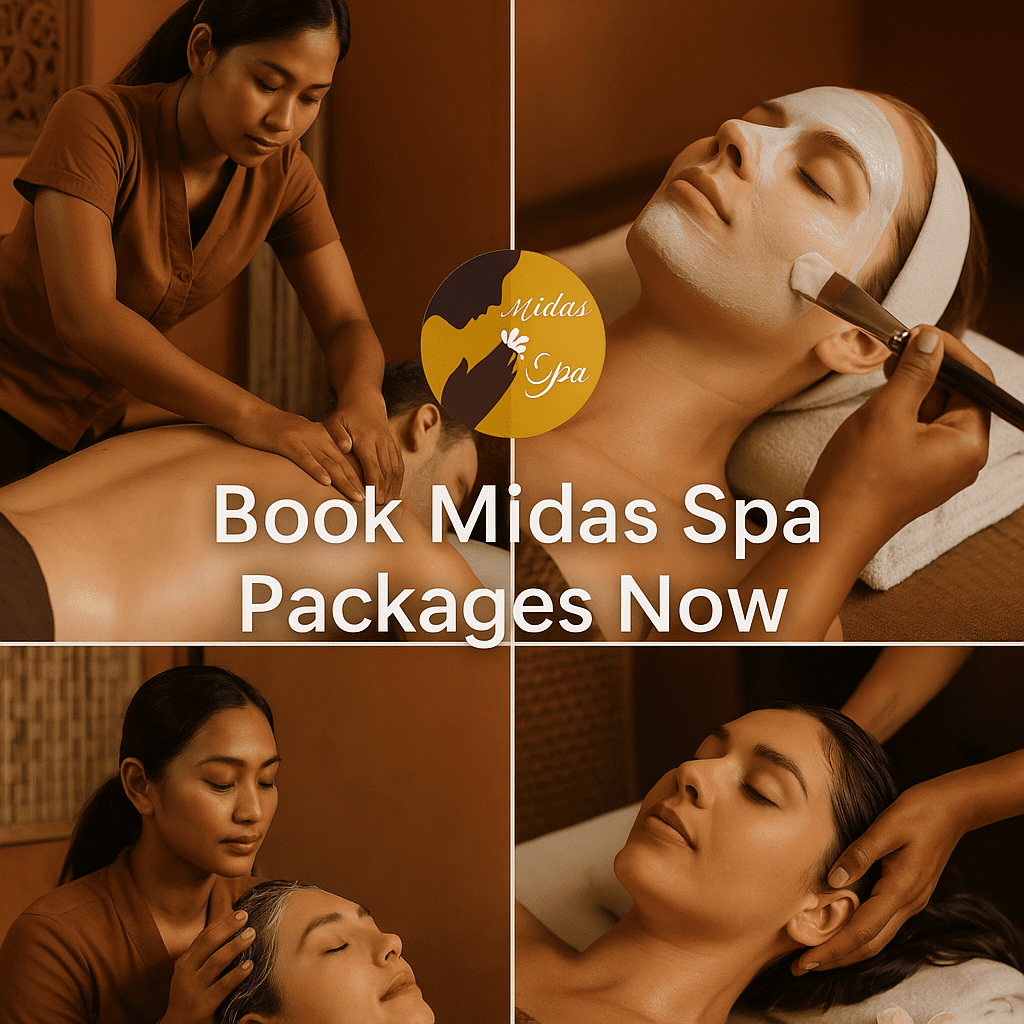 Collage of four traditional Balinese treatments—massage, body scrub, facial, and cream bath—at Midas Spa Ubud with “Book Midas Spa Packages Now” text overlay.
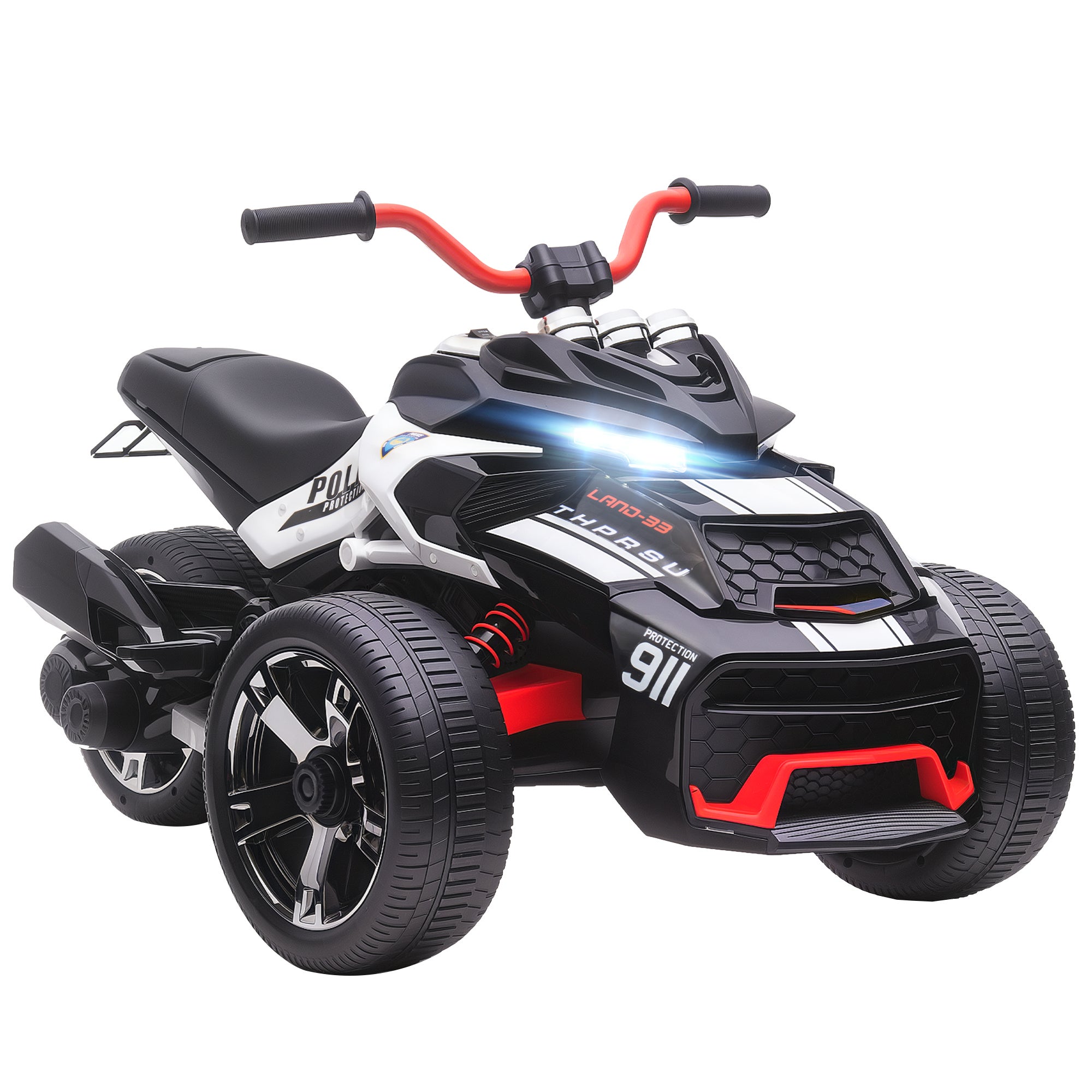 Quad électrique Tout-terrain 12V Pour Enfants 3-8 Ans – 2 Moteurs, Télécommande Parentale, LED, Bluetooth, USB
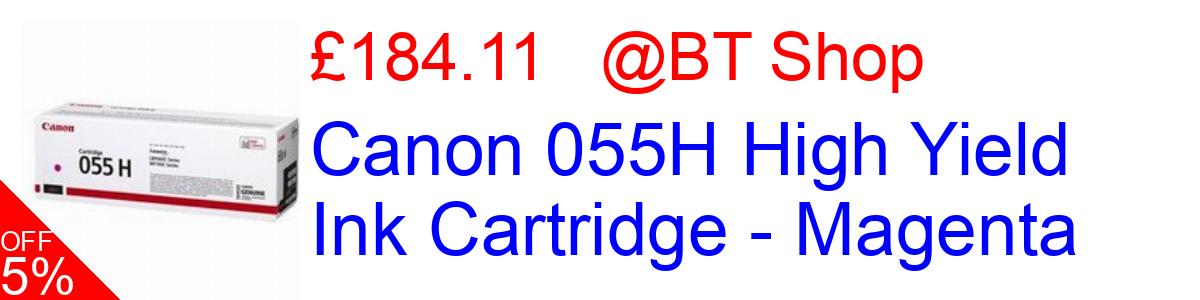 5% OFF, Canon 055H High Yield Ink Cartridge - Magenta £184.11@BT Shop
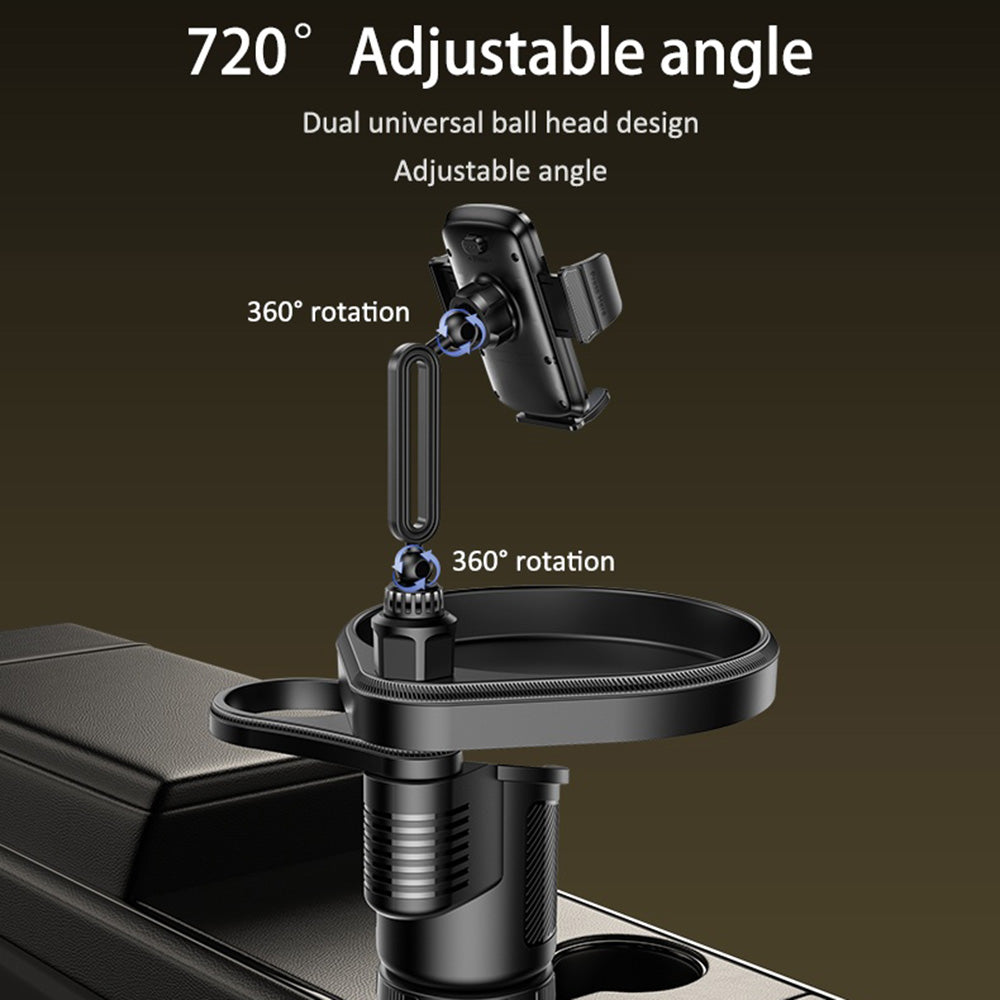 Yesido - Car Holder 4in1 (C274) - Cup Storage, Phone Mount and Sundries Storage, 720° Adjustable Angle, 4.7-7.2" - Black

• **Goal of the exercise**: The data must be repeated exactly. Any pictures in it are to be left out.

• **Reply**:
 Collage of four traditional Balinese treatments—massage, body scrub, facial, and cream bath—at Midas Spa Ubud with “Book Midas Spa Packages Now” text overlay.
 Quad électrique Tout-terrain 12V Pour Enfants 3-8 Ans – 2 Moteurs, Télécommande Parentale, LED, Bluetooth, USB
 5% OFF, Canon 055H High Yield Ink Cartridge - Magenta £184.11@BT Shop
 Yesido - Car Holder 4in1 (C274) - Cup Storage, Phone Mount and Sundries Storage, 720° Adjustable Angle, 4.7-7.2" - Black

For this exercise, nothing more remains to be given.